Banks are putting aside more money to pay claims against mis-sold payment protection insurance (PPI) following a rush of consumer enquiries about compensation ahead of the deadline on Aug. 29.
PPI policies were sold alongside a personal loan or mortgage to cover repayments if borrowers fell ill or lost jobs, but many were unsuitable.
The PPI saga has already cost lenders more than 36 billion pounds in payouts, with analysts estimating the final bill could top 50 billion pounds.
RBS said last week it faced additional costs of up to 900 million pounds, while Clydesdale Bank made a fresh 300-450 million pound provision.
As Britain’s biggest domestic lender, Lloyds has been the most exposed to PPI and has already paid out more than 20 billion pounds.
LAST MINUTE CLAIMS
Lloyds said on Monday it had received 600,000-800,000 requests for information about PPI per week in August, well above its expectations of around 190,000 per week.
As a result, it expects to set aside a further 1.2-1.8 billion pounds in its third quarter results to cover payouts.
The bank’s shares fell more than 2% in early trading, before paring some losses to stand down 0.7% at 0920 GMT.
Lloyds also said it had received a claim submitted by the Insolvency Service’s Official Receiver on behalf of bankrupt consumers, pushing costs higher.
It added the charge would dent its profitability and scrapped guidance for a return on tangible equity of around 12% this year. It also warned the increase in its capital ratio in 2019 would be below its 170-200 basis points per annum guidance.
The lender made PPI provisions worth 650 million pounds in the first half of this year, meaning the total combined cost for 2019 could hit as much as 2.45 billion pounds, equivalent to 41% of its 6 billion pounds pretax profit last year. The bank set aside 750 million pounds for PPI in 2018.
Lloyds had been expected to make a further provision following its rivals’ moves, with analysts at KBW saying they had downgraded the bank last week partly due to the expected charge.
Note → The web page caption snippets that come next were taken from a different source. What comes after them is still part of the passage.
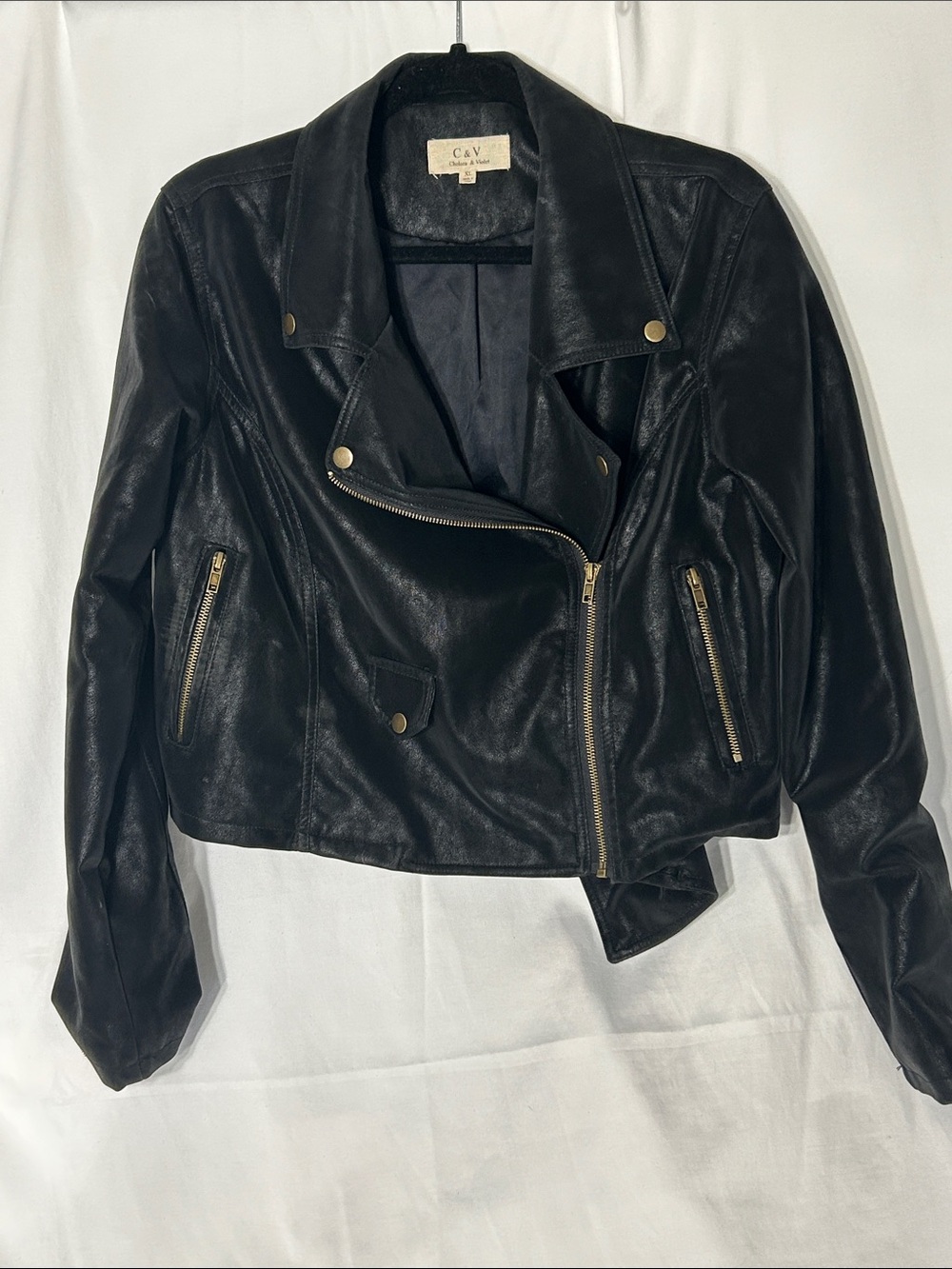 Chelsea & Violet Black Leather Asymmetric Moto Jacket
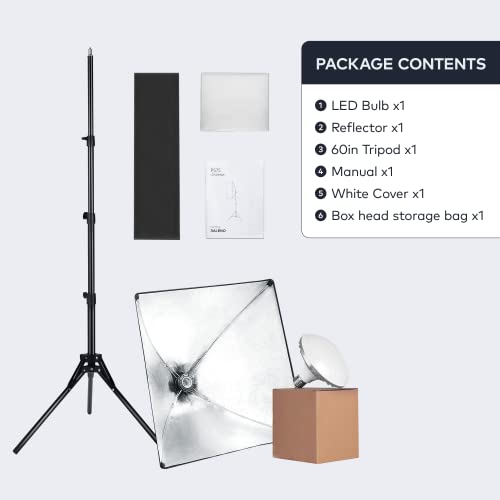 Raleno Softbox Lighting Kit, 16'' X 16'' Photography Studio Equipment With 50W / 5500K / 90 Cri Led Bulb, Continuous Lighting System For Video Recording And Photography Shooting #TOP6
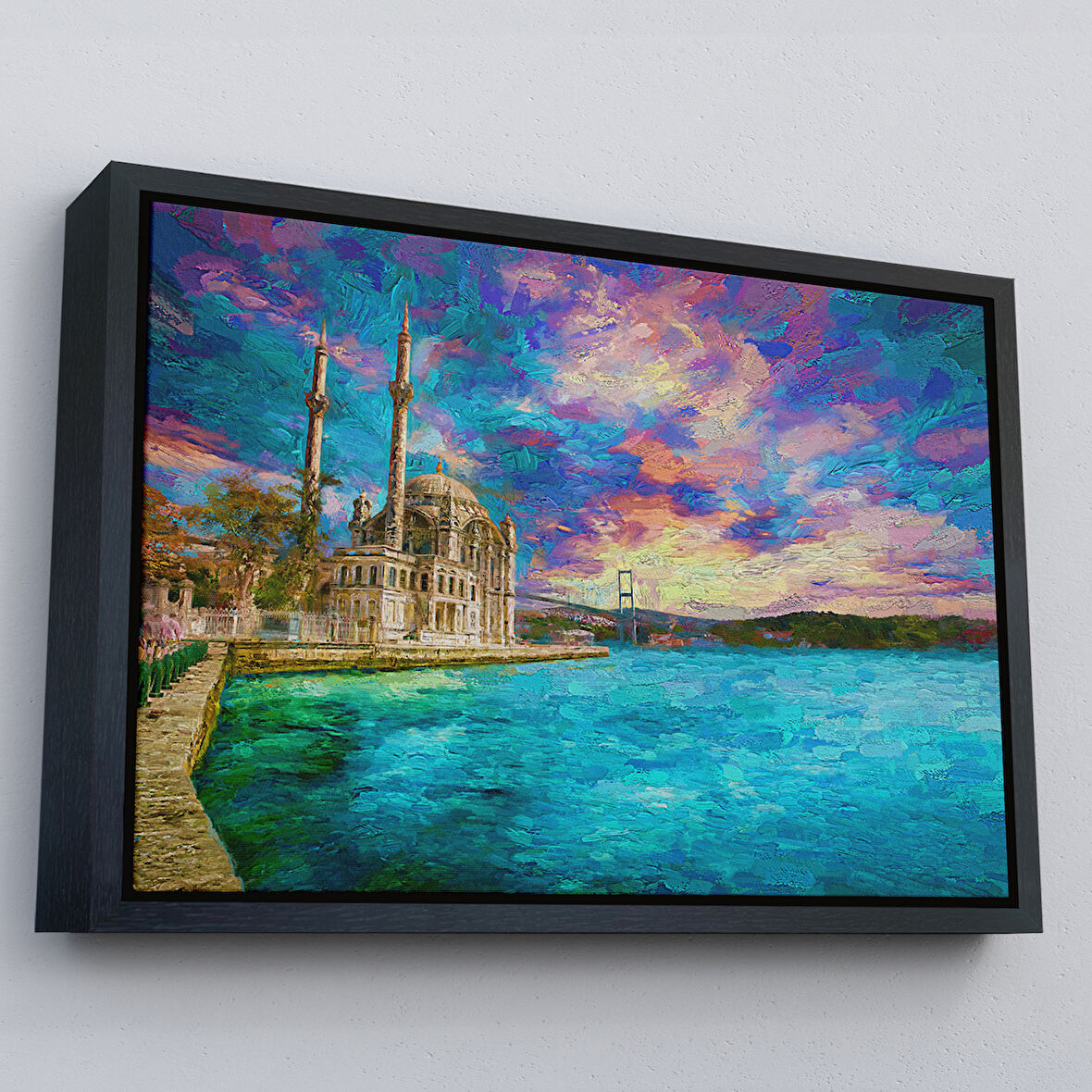 Siyah Çerçeveli Fırça Darbeleri ile Soyut Yağlıboya Görünüm Dekoratif Kanvas Duvar Tablosu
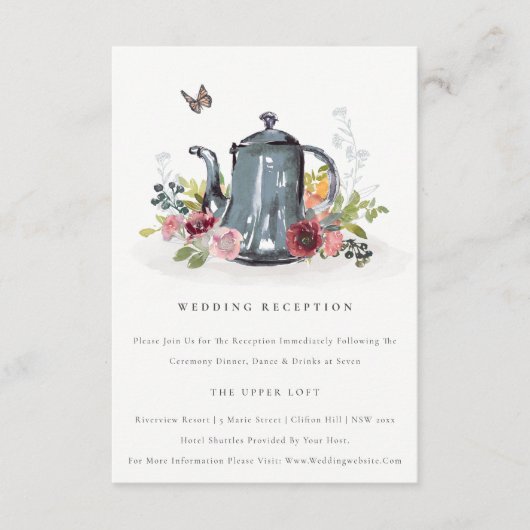 かわいいリーフィバラフローラティーポットウェディングレセプション エンクロージャーカード (正面)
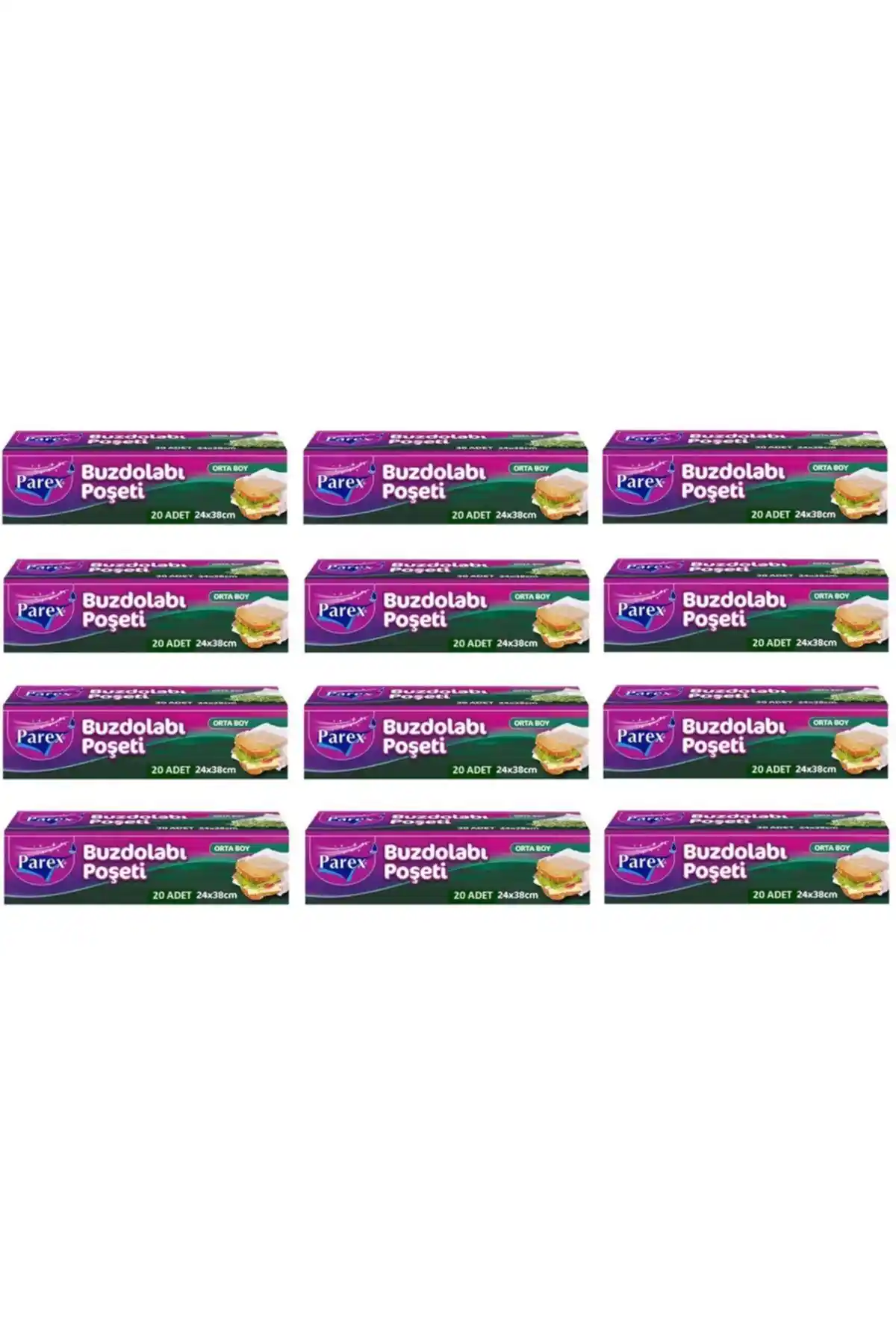 Parex 12 Paket Orta Boy Buzdolabı Poşetleri Günlük Gıda Saklama ve Düzenleme İçin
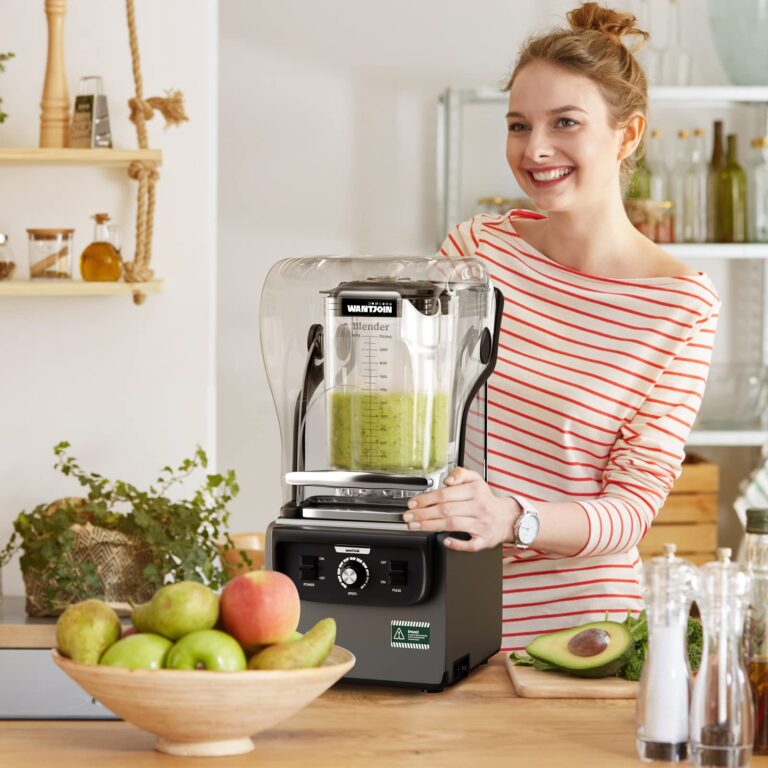 Wantjoin Professional Blender, Commercial Quiet blender Soundproof Blender 2200ml with Cover for Crushing Ice,Smoothie,Puree,Blender for Kitchen 1800W (Grey) - Image 3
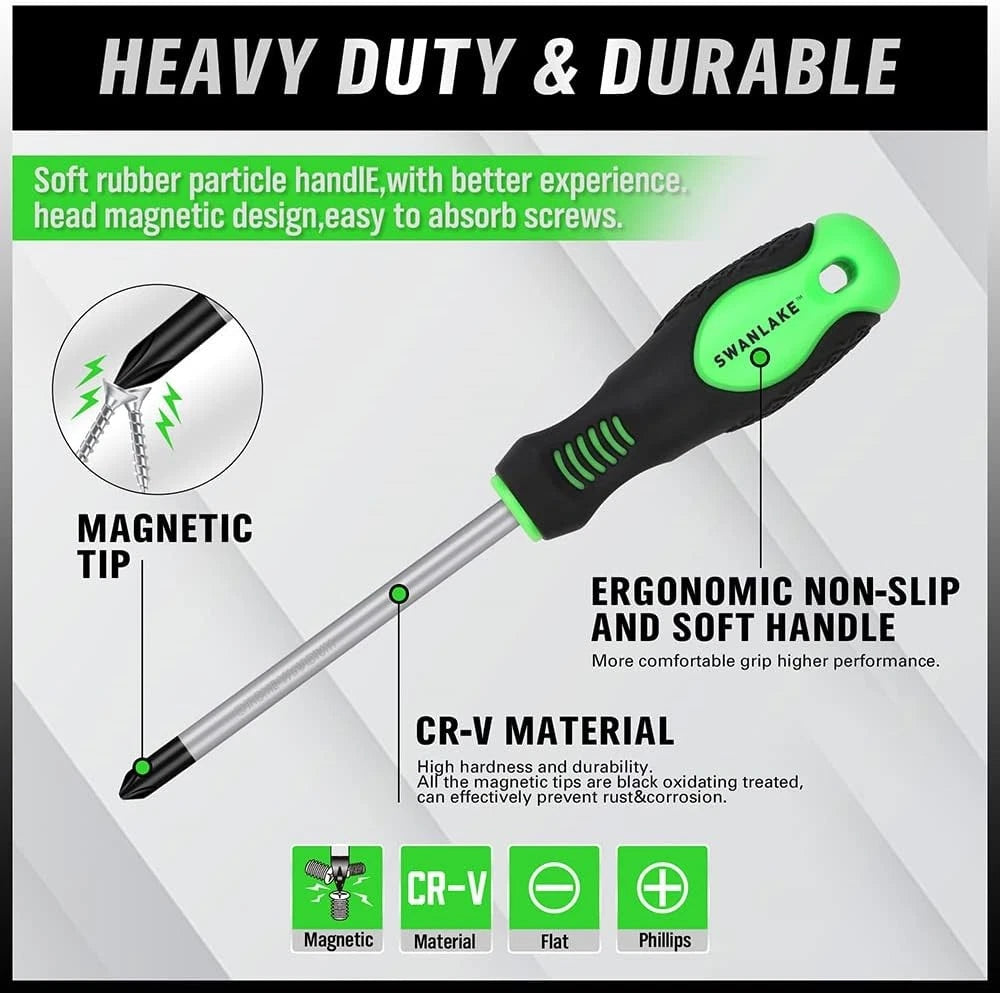 SWANLAKE 11PCS Screwdriver Set, Magnetic 5 Phillips and 5 Flat Head Black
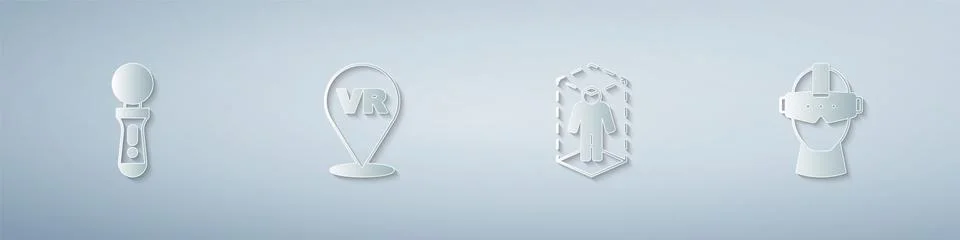 Set VR controller game, Virtual reality, 3d modeling and glasses. Paper art s Stock Illustration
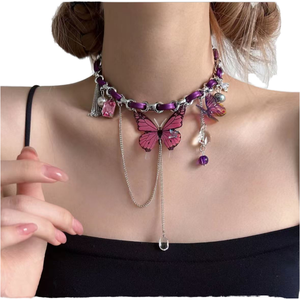 Butterfly <b>Choker</b> Necklace Women's Boho Style <b>Silver</b> Plated Alloy With Cubic Zirconia And Imitation Pearl Party Jewelry - Product Image 1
KBW said the top end of the charge at 1.8 billion was marginally better than its worst case scenario.
Barclays could take a provision of up to 700 million pounds when it reports third quarter results on Oct. 25, KBW estimated based on provisions taken by the other banks.
A spokeswoman for Barclays declined to comment.
Lloyds was given some breathing space on capital in May, when regulators reduced its required core capital ratio to 12.5% from 13%, equating to around 1 billion pounds.
Lloyds is continuing to target paying a dividend and said it would make a decision on surplus capital at the end of the year.
Ian Gordon, analyst at Investec, said he believed Lloyds’ dividend for this year would be “perfectly safe” despite the forthcoming charge, but warned that if it came in at the upper end it would likely delay buybacks until March next year.